> [Exercise details] Write out the data word for word, taking care that no picture is carried over.

> [Stored data]
• • • •
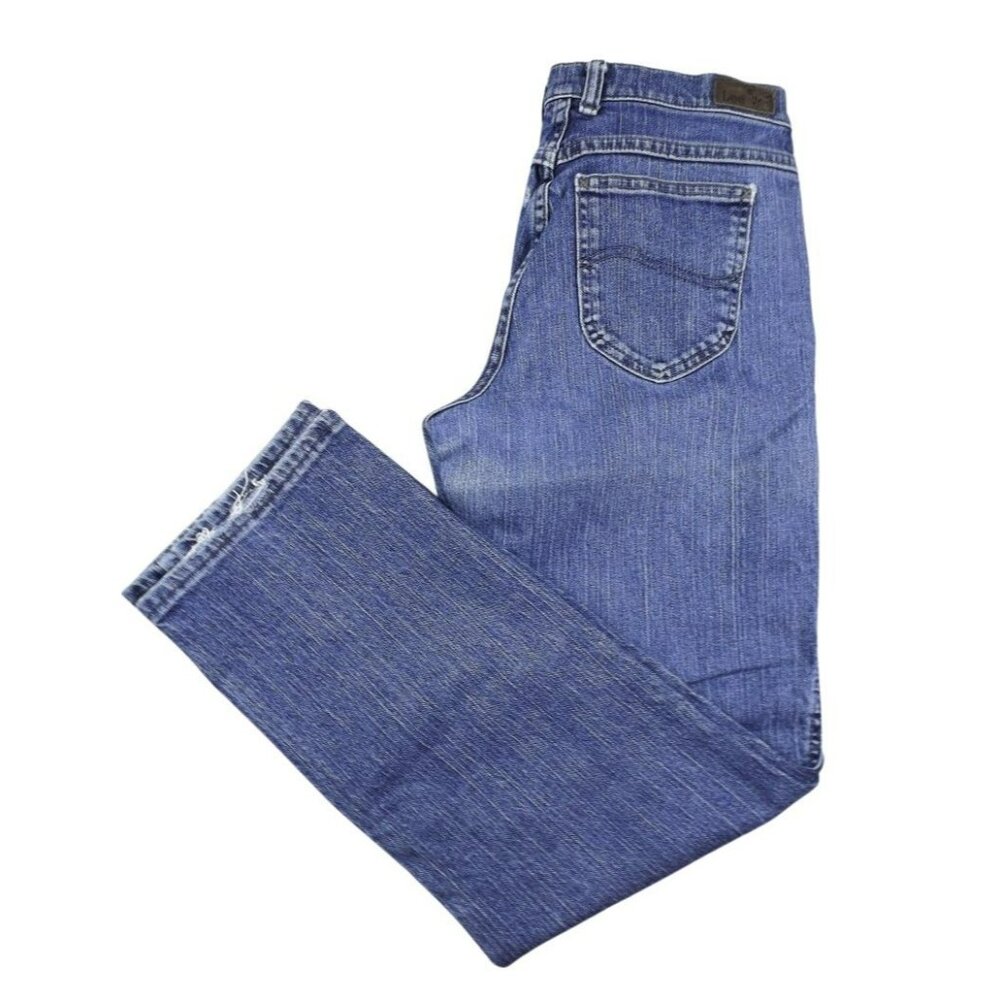 Lee Women’s Straight Leg Jeans in Medium Wash Blue - Size 6
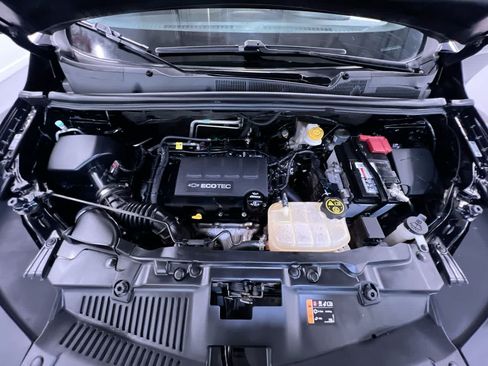 Used 2020 Chevrolet Trax LS FWD image 11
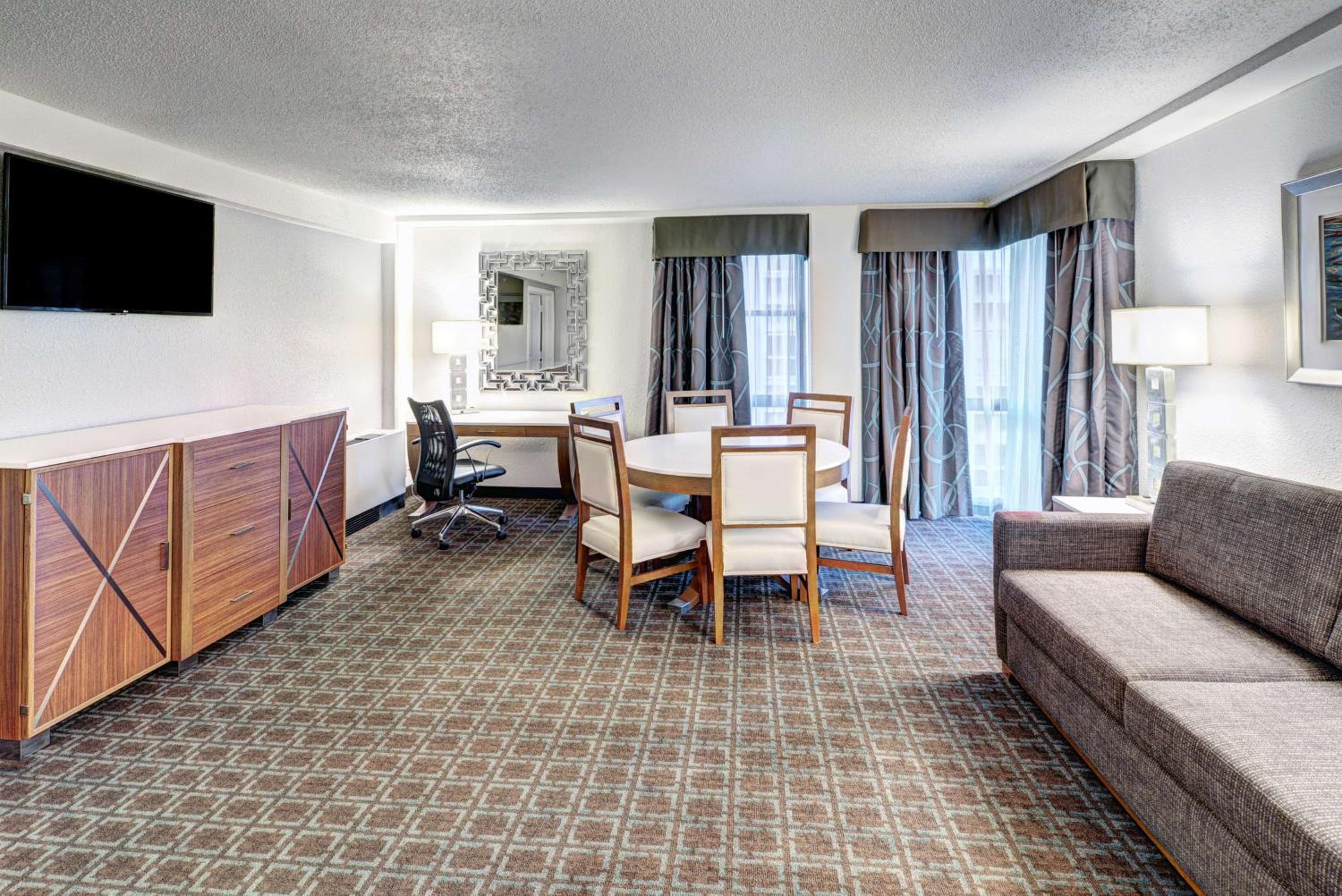 Two-Bedroom King Suite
• • • •
> [Answer to this exercise]
 Lee Women’s Straight Leg Jeans in Medium Wash Blue - Size 6
 Used 2020 Chevrolet Trax LS FWD image 11
 Two-Bedroom King Suite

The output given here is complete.